対価型と環境型のどちらも感じ方に個人差があり、判断基準も曖昧なので、勝手な憶測や思い込みは危険です。

          

2-3 マタハラの種類

マタハラには、以下の2種類があります。

● 不利益取扱型
● 嫌がらせ型

上記の分類は、育児介護休業法と雇用機会均等法によって、規定された措置義務に基づいた物です。それぞれについて詳しく解説します。

①不利益取扱型のマタハラ

不利益取扱型のマタハラは、産前産後や育児による休業などの制度利用を理由に、降格や減給などの不利益を与えることです。育児・介護休業法では、育児休業の申請や取得したことを理由として、解雇やその他不利益な取扱いをしてはならないと規定されています。

また、妊娠や出産に関しても同様の規定が男女雇用機会均等法によって定められているのです。禁止されている不利益の範囲に指定はなく、自宅待機や雑用の押しつけなどもマタハラの対象になる場合があります。

②嫌がらせ型のマタハラ

嫌がらせ型のマタハラには以下の2種類があります。

● 制度等の利用への嫌がらせ
● 状態への嫌がらせ

制度等の利用への嫌がらせは、法律に基づいた産休や育休の制度を利用させないようにするのが典型的な例です。制度利用の際に、降格や減給といった不利益な取扱いを示唆されることもあります。
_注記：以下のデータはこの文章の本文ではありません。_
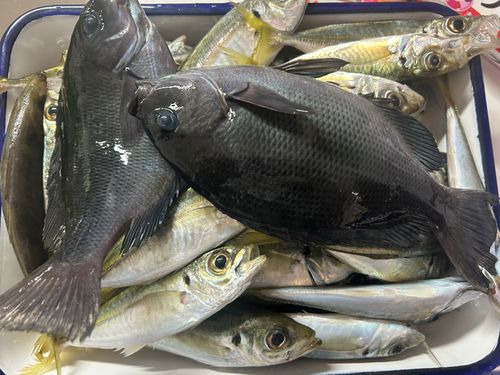 アジの釣果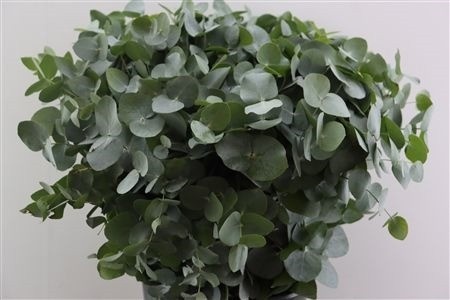 Euca Cinerea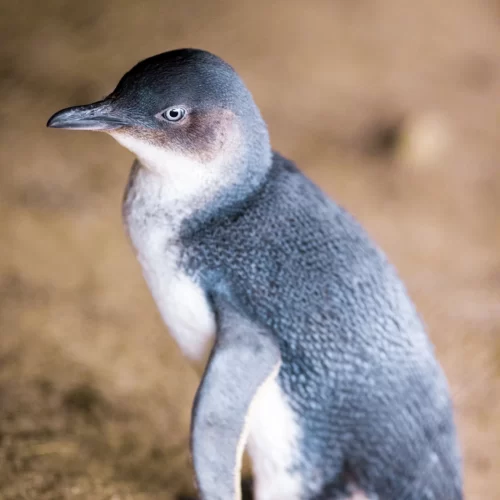 Melbourne penguin tour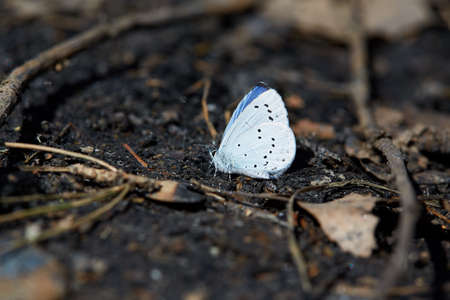 Blue butterfly sitting on a black charcoal in the forest.の写真素材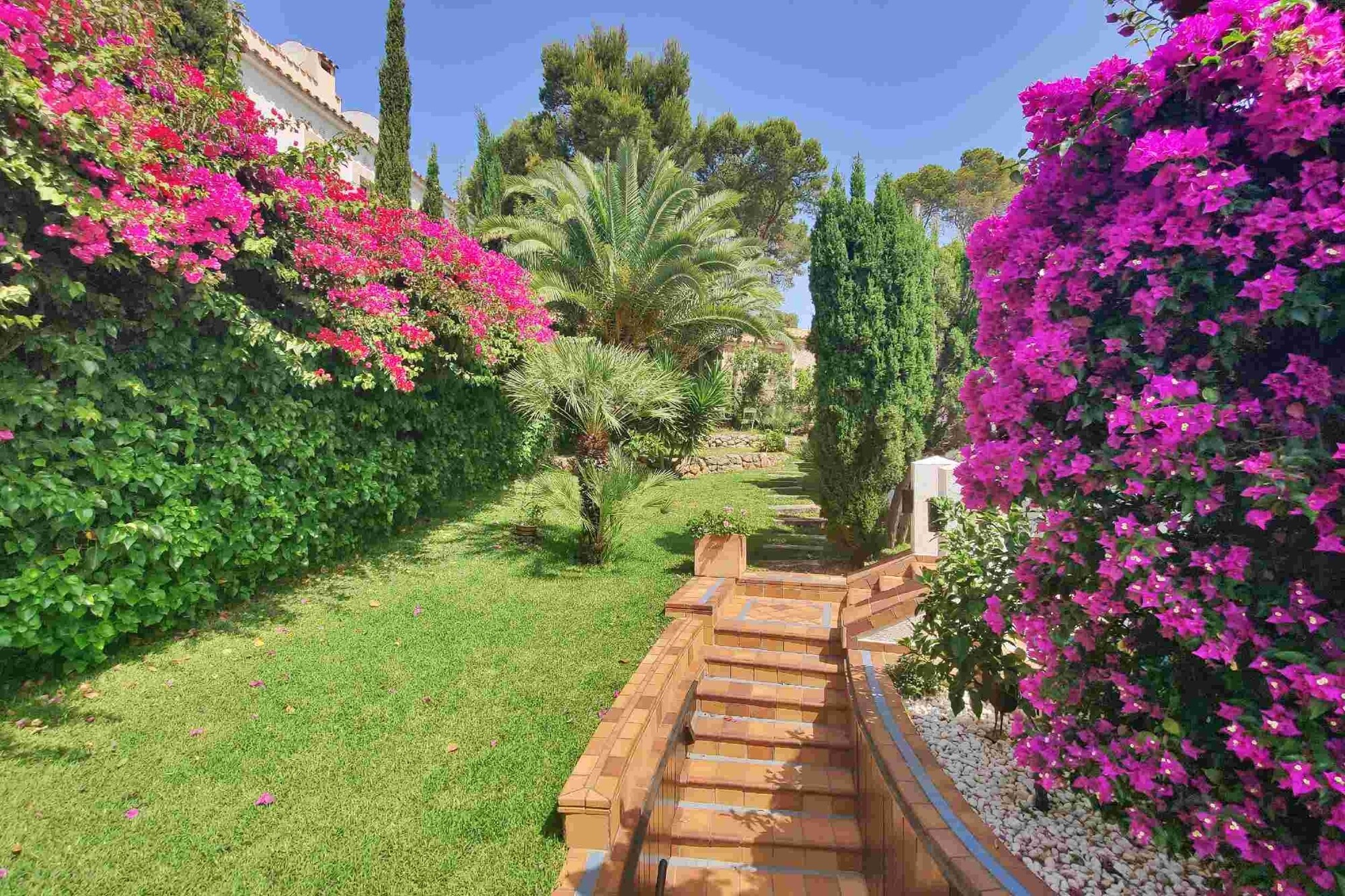 Dream villa by architect Rubio near the port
状態への嫌がらせとは、妊娠や出産の影響による労働能力の低下に対する言動により、労働環境が悪くなることです。このタイプに関しては、男女雇用機会均等法にのみ規定が存在します。

          

2-4 逆パワハラの種類

逆パワハラには、以下の3種類があります。

● 上司に対する暴言や暴力
● 上司への誹謗中傷
● 何事もハラスメントだと主張

パワハラは優位性を活かして行われるものとありますが、近年では上司だけでなく部下にも優位な場合があると言われています。それぞれについて詳しく見ていきましょう。

①上司に対する暴言や暴力

上司に対する暴言や暴力は典型的な逆パワハラと言えるでしょう。上司の事を人前で無能呼ばわりしたり、頭をはたいたりなどの行為が具体的な例として挙げられます。また、自分より年齢の低い上司のことを軽視することも逆パワハラです。経験則などから、上司に対して「こんなこともできないのか。」といった発言が具体例と言えるでしょう。

②上司への誹謗中傷

上司への誹謗中傷も立派な逆パワハラです。近年では、SNSが普及しているため、特に発見されにくいケースでもあります。個人を特定できる状態や名指しで投稿されていることが多く、内容の例を言うと以下のようなものです。

● 会社でハラスメント行為を繰り返している
● 不正行為をしている など

本人の気づかない所で誹謗中傷されていることも多いので、注意が必要なケースです。

③何事もハラスメントだと主張

何事にもハラスメントだと主張することも逆パワハラに該当します。正当な業務命令であっても、下記のような理由で反発したり、クレームを付けたりすることがよくあるケースです。

● 下された命令がパワハラである
● ハラスメントを訴えた事への報復である

嫌がる人に対して強制的に何かをさせることは好ましくではありません。しかし、上司の頭を悩ませ続けるのも逆パワハラになり得ることを理解しましょう。

          

2-5 モラハラの種類

モラハラに該当する行為は以下のようなものです。

● パートナーに対する暴言
● 恐怖心を植え付けるような態度による威嚇
● パートナーの価値観を認めず精神的に追い込む無視
● パートナーがお金を稼ぐことを嫌がる経済的束縛

パワハラと似ている部分もありますが、モラハラには身体的暴力は含まれず、家庭内や友人知人間で起こり得るのが特徴です。上記の項目について、詳しく解説します。

①パートナーに対する暴言

パートナーに対して、日常的に人格や価値観を否定するような暴言を浴びせることはモラハラに該当します。暴言を受け続けることで精神は徐々に疲弊していき、自分の意思を伝えられなくなるのです。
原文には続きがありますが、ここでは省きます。